Face à ce constat, le rapport plaide pour une stratégie industrielle offensive : rapatriement de la fabrication de composants critiques, constitution de stocks stratégiques, montée en puissance de hubs régionaux de production et de maintenance, et création d’un « Drone Sovereignty Index » pour mesurer la dépendance aux composants non européens. Les drones sont explicitement considérés comme une capacité critique, nécessitant des investissements de masse dans des systèmes abordables, réparables et produits sur sol européen.
Sur le plan militaire, le rapport appelle à un aggiornamento doctrinal complet. Il recommande la généralisation des drones de contact au niveau des unités, l’intégration systématique de capacités anti‑drones (guerre électronique, lasers, systèmes d’armes rapprochés, drones intercepteurs) sur tous les vecteurs majeurs – chars, blindés, navires, convois logistiques – et la création de « murs de drones » multi‑couches pour la protection des forces et des infrastructures.

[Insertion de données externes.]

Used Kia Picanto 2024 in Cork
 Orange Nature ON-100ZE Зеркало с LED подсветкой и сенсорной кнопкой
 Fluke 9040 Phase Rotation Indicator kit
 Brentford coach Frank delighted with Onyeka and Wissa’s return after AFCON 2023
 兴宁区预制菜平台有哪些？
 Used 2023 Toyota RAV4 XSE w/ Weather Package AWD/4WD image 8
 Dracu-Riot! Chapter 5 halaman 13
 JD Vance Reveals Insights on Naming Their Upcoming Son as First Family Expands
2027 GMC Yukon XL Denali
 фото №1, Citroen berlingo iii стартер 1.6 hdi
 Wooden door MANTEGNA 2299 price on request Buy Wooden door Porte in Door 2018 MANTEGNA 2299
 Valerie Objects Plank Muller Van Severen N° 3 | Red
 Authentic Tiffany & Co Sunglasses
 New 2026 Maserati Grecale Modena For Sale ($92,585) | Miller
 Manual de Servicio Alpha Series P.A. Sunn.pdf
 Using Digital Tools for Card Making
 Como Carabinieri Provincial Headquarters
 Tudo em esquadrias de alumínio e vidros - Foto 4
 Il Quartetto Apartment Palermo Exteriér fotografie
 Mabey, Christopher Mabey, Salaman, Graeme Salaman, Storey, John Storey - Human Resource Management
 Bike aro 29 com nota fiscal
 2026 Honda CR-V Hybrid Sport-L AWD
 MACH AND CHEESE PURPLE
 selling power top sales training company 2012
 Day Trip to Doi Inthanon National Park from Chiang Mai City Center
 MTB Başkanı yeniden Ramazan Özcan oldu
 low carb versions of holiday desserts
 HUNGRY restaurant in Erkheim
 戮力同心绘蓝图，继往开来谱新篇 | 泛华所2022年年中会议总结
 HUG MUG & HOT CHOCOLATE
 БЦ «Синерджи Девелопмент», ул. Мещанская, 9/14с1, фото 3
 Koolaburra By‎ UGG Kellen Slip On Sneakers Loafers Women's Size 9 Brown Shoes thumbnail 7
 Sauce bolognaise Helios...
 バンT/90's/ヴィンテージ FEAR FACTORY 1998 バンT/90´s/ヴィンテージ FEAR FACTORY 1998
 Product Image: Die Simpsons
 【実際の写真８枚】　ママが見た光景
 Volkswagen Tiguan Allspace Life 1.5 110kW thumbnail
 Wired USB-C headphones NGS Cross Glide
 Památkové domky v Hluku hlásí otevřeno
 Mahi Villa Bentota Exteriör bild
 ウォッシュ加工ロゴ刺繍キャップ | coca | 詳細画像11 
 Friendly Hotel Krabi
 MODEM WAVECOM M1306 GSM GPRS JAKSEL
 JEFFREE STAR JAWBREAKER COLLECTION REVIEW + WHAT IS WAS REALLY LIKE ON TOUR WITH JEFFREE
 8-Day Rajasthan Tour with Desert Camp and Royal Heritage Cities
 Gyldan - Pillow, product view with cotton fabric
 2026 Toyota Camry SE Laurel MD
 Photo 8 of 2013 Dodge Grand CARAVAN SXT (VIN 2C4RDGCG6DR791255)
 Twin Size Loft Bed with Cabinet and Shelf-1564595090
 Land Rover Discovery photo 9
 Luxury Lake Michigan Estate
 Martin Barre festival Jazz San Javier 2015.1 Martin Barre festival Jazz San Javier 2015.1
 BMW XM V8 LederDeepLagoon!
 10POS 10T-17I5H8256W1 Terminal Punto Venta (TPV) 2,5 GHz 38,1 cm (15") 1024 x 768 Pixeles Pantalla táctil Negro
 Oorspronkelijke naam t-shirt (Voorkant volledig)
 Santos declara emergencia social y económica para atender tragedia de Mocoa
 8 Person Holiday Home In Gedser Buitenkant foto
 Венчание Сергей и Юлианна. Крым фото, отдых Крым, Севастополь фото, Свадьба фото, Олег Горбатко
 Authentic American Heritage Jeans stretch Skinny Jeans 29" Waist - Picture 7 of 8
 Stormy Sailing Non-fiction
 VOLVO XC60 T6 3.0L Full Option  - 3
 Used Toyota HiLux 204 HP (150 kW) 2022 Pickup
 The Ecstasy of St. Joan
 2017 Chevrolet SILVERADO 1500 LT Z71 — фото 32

Le texte promeut la création d’unités de drones de combat organiques, intégrées aux brigades, avec des cycles de décision décentralisés et des capacités de frappe autonomes, sur le modèle expérimenté par l’Ukraine. Il insiste sur l’urgence de former et certifier massivement des pilotes de drones et des spécialistes de la lutte anti‑drones, à des standards comparables à ceux de l’artillerie ou des unités aériennes. En toile de fond, une exigence : accélérer drastiquement les cycles d’innovation, de test et de mise en service, en rompant avec les procédures d’acquisition trop lentes.
L’Ukraine occupe une place centrale dans le dispositif proposé. Le rapport rappelle que le pays produit déjà plus de 4,5 millions de drones par an en pleine guerre, avec des cycles d’innovation de trois à six mois, et un écosystème où civils, start‑ups et forces armées co‑innovent en temps réel. Les eurodéputés demandent que cette expérience soit systématiquement intégrée dans l’EDTIB, via des programmes conjoints, des co‑entreprises, des échanges d’opérateurs et la présence d’une représentation de l’Agence européenne de défense en Ukraine.
Cette coopération doit aller de pair avec un soutien renforcé : investissements directs, accès aux instruments européens (SAFE, EDF, EDIP), utilisation des avoirs russes gelés pour financer la montée en puissance de la filière drone ukrainienne, et alignement des achats européens sur les besoins du champ de bataille ukrainien. L’Ukraine est ainsi présentée à la fois comme partenaire stratégique, fournisseur de solutions éprouvées et source essentielle de retour d’expérience doctrinal.
Soutien aux PME, simplification réglementaire et cadre éthique
Le rapport souligne que près de 80% du tissu industriel des drones légers en Europe est composé de PME et de start‑ups, moteurs de l’innovation mais freinés par la complexité des financements et des appels d’offres. Il recommande des procédures allégées, des mini‑subventions, des instruments de financement direct tolérant l’échec, des clusters régionaux et des joint‑ventures avec les grands maîtres d’œuvre, afin de permettre à ces acteurs d’atteindre une masse critique.
Enfin, le texte encadre ce tournant technologique par un rappel des principes : respect du droit international humanitaire, maintien d’un « human‑in‑the‑loop » sur l’usage de la force létale et encadrement des systèmes autonomes, en particulier des essaims de drones activés par l’intelligence artificielle. Il appelle à harmoniser au niveau européen règles d’engagement, normes de certification, sécurité cyber et exigences de transparence, y compris pour l’emploi dual des drones dans la protection civile, la gestion de crise ou la surveillance des frontières.